Making payments on a smartphone or wearable device is an extremely quick and simple method of completing transactions. Users of Apple Pay and Android Pay can simply hold their devices up to the payment terminal, tap a button or enter a pin, and the purchase is complete. It’s as simple as that. There’s no need to carry cash or a wallet full of cards, just the phone that most people carry around in their pockets every day.
For Black Friday, this means purchases can be made quicker, potentially reducing those extremely long queues and making for a more streamlined shopping experience. Not only this, but using mobile payments is a much more secure way of purchasing items, compared to using a credit card. That’s because the payment information entered on to the smartphone is encrypted and isn’t stored on the phone, so even if the device is lost or stolen, the data can’t be accessed.

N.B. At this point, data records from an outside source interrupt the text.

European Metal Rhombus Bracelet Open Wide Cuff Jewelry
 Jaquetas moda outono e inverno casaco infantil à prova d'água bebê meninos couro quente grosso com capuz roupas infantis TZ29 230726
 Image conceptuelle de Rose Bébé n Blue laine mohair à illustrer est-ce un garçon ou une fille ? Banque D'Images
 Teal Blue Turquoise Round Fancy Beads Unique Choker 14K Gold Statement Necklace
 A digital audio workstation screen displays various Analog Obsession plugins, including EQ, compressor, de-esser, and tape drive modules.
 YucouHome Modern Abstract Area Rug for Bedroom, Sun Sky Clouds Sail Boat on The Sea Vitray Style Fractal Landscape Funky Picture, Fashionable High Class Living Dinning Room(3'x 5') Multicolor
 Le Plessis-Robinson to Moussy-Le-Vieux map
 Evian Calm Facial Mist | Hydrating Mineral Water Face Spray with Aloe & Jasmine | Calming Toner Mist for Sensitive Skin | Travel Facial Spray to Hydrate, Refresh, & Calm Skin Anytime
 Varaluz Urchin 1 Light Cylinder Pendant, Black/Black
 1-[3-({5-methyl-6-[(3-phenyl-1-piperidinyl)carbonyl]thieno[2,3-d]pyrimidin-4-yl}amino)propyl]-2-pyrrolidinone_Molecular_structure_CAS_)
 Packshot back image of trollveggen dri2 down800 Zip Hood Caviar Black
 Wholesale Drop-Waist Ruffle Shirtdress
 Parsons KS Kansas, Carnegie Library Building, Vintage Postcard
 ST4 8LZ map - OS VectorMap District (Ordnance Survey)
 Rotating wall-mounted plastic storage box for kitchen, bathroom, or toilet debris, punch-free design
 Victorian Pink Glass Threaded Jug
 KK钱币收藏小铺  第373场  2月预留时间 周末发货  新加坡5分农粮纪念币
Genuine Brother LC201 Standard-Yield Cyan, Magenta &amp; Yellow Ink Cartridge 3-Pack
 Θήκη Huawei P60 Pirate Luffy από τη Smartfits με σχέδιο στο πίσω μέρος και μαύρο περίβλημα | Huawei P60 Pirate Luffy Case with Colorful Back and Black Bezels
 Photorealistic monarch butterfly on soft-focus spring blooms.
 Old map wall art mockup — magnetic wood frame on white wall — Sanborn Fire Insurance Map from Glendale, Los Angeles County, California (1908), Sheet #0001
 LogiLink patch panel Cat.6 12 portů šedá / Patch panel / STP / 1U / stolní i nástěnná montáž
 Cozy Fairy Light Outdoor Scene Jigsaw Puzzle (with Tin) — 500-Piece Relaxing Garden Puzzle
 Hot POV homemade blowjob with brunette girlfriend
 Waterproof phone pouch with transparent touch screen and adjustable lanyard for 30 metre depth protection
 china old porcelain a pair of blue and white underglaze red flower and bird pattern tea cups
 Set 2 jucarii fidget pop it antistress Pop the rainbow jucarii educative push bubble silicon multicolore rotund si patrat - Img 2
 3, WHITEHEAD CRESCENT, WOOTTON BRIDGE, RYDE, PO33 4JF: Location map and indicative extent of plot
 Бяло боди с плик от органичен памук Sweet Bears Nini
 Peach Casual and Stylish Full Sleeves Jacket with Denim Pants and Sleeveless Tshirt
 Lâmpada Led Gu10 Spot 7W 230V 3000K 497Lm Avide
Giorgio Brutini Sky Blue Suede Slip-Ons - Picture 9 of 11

Also, this information isn’t shared with any retailers when transactions are made, so again the user’s details are securely protected. During extremely busy periods like Black Friday, leaving credit cards at home and paying with a smartphone is a wise choice, as it prevents private information from being stolen and used to commit fraud or cybercrime.
What are the potential barriers to this payment method?
Currently there are a number of downsides holding mobile wallets back from being the preferred method of payment. These issues have largely contributed to the slow adoption rates we’ve seen so far, since Apple Pay was launched.
One of the main problems that may affect how many people use their smartphones this Black Friday is the payment limit, which restricts users to purchases below £30. A large majority of items bought on Black Friday are likely to be over this limit, with shoppers hunting out the best deals on the latest gadgets and luxury items. So, mobile wallets might not be the most appropriate method of payment on 25 November, possibly resulting in similar low usage figures seen in 2015.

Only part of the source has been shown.